Just a solitary Reuters’ dispatch.
Why?
The answer is that Ethiopia is fully within Washington’s orbit, acting as a reliable proxy enforcing US geopolitical interests in the resource-rich Horn of Africa.
Zimbabwe, by contrast, pursues the opposite tact, implementing policies that seek to free itself from Western domination and to frustrate US imperial designs on the continent.
Zimbabwe indigenises its agriculture and economy; Ethiopia intervenes militarily in Somalia at the behest of Washington, to restore a US-puppet government.

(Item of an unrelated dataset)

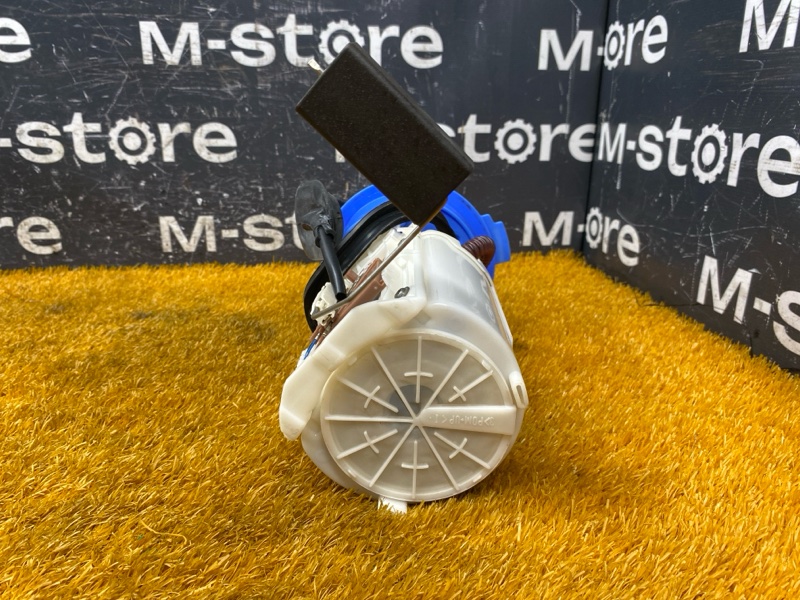 Бензонасос, 3000 рублей, Красноярск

Weeks before Ethiopia invaded Somalia, US General John P. Abizaid flew to Addis Ababa to arrange for Zenawi to unleash the US-trained Ethiopian military on Somalia. Washington even went so far as to shelter Ethiopia, whose military relies on equipment made in North Korea, from penalty for violating UN-sanctions against North Korean arms sales.
Ethiopia needed to import replacement parts from North Korea if the invasion was to go ahead without a hitch. Washington, which championed the sanctions, said "go ahead".
Numberless people are being manipulated by Western governments and media, their outrage harnessed to achieve geopolitical goals that have nothing whatever to do with human rights and democracy, and everything to do with the question of who gets to control the oil spigot, mining concessions and vast tracts of fertile land.
Mamdani calls those caught up in the Save Darfur Campaign innocents. The same could be said of those caught up in the dump Mugabe campaign. — raceandhistory.com
l Stephen Gowans is a Canadian writer and political activist based in Ottawa.